The “A-” ratings for TBANK’s proposed issues of up to Bt5,000 million in hybrid debt capital securities reflect both the subordination and payment deferral risks of the issues. The hybrid debt capital securities are due in 2019 and 2024, and are cumulative, junior subordinated, unsecured, and callable before maturity dates by the bank after five years under the approval from the Bank of Thailand. The holders of hybrid debt capital securities will be subordinated to depositors and holders of senior debts and subordinated debts of the bank. The bank will not be obliged to make any payment in the event that the bank posts net losses for the same six-month period during which any interest payment would be due or payable and the bank is unable to pay dividend during such period or during the next six months, but coupon payment will be cumulative. Such non-payment will not constitute a default by the bank.
The “stable” outlook recognizes TBANK’s designated role as the group’s core financial and banking operator. The outlook also takes into account the expectation that TBANK will be able to maintain its strong market position in its major business, HP lending, with controllable asset quality. Driving force for fee income growth and the group’s cost synergy are expected to help offset the rising investment in additional branch network during the expansion phase.
TRIS Rating reported that during 2005-2008, TBANK succeeded in establishing a physical branch network, ATM pools, and foreign exchange booths. Efficient utilization of its branch network has been gradually improved, resulting in further improvement in the group’s market position, business diversification and financial performance in 2008. In July 2007, Thanachart Capital PLC (TCAP), the bank’s parent company, entered into a joint venture agreement with BNS for investment in TBANK, which made changes in TBANK’s shareholder structure. As of 31 March 2009, TBANK’s shareholding stake was 50.92% held by TCAP and 48.99% held by BNS. TBANK’s business profile and financial performance have been supported by its appropriate business platform and strategic assistant from BNS. TBANK is well equipped to succeed in the auto hire purchase (HP) business and it executed improvement in its group synergy. The strong team of HP staff and an efficient operating system have enabled the bank to maintain the largest player position in the HP market. As a result of the bank’s appropriate group strategies, business and financial performance of the bank and its subsidiaries continue to improve. An increase in bundled products and cross selling strategies of the bank strengthened market position of key subsidiaries related to securities, fund management, leasing, life insurance and non-life insurance businesses.

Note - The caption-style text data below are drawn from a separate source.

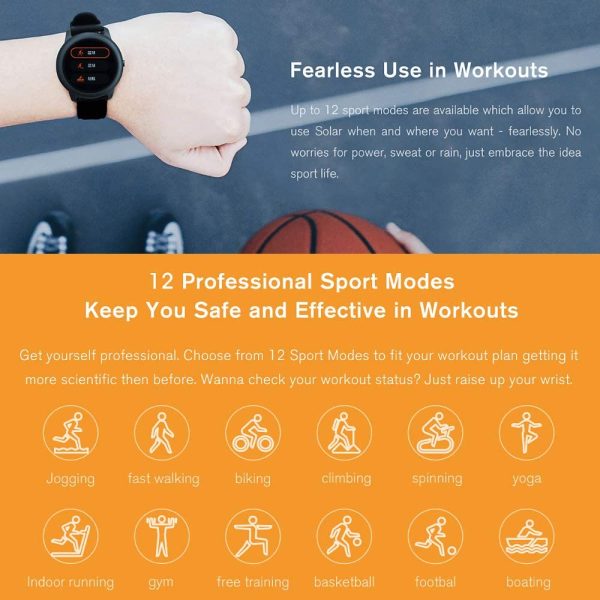 Haylou Solar with 12 Sports Modes Music Control Sports Wristband 24H Heart Rate Monitoring Daily Waterproof Fitness Bracelet - Black - LS05 - Global Version - Image 4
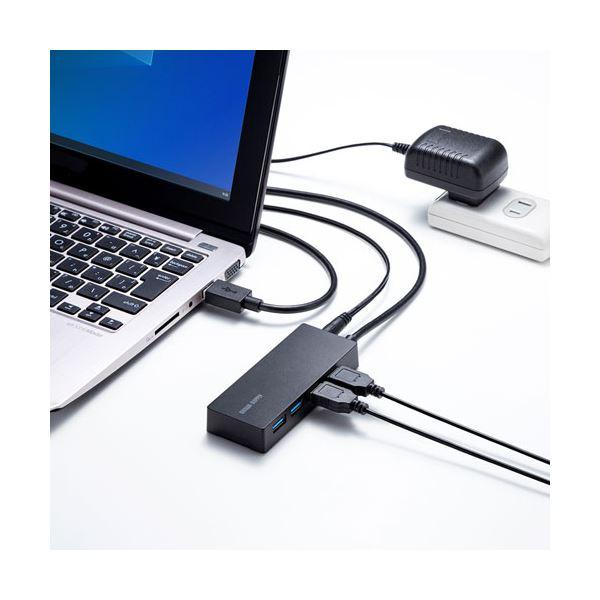 サンワサプライ HDD接続対応 USB3.2 Gen1 4ポートハブ USB-3HTV433BK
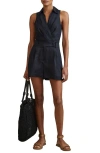 Reiss Navy Linen Double Breasted Belted Playsuit In Navy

As of March 2009, on a consolidation basis, TBANK’s total loans and accrued interest receivables were Bt269,960 million, fell 2.34% from Bt276,430 million as of December 2008. Under the economic slump, in the first quarter of 2009, TBANK posted a slow growth in HP lending, rising by only 1.5% to Bt206,890 million from Bt203,829 million as of 31 December 2008. Of the total gross loans (without accrued interest), HP lending accounts for 77%, in line with TBANK’s strategy to position as the market leader in auto HP lending. In the future, the bank plans to grow more on corporate loans.
On a consolidation basis, its four main businesses (HP, insurance, securities and asset management) have enabled TBANK to fully diversify the revenue base. As of 31 March 2009, non-interest income accounted for 50% of total income, remaining stable as in December 2008, due mainly to the constantly high revenue from insurance business. Even though the non-performing loans of the bank has increased from the economic condition, its net interest spread has been improving continuously from 3.1% in 2008 to 3.2% (annualized) in the first quarter of 2009.
Regarding TBANK’s funding structure, TRIS Rating said that the bank also succeeded in its funding restructuring plan. The bank has significantly expanded the size of savings deposits with more diversified retail deposits. The savings deposits are considered as a stable and cheap funding source for commercial banks. As of December 2008, the bank’s total deposits increased by 43% from 2007 and savings accounts were more than 27% of total deposits. However, the deposits dropped slightly by 1.2% in the first quarter of 2009 as the bank has no policy to grow assets during economic slowdown. The bank still has excess liquidity and continues to be a net lender in the interbank market.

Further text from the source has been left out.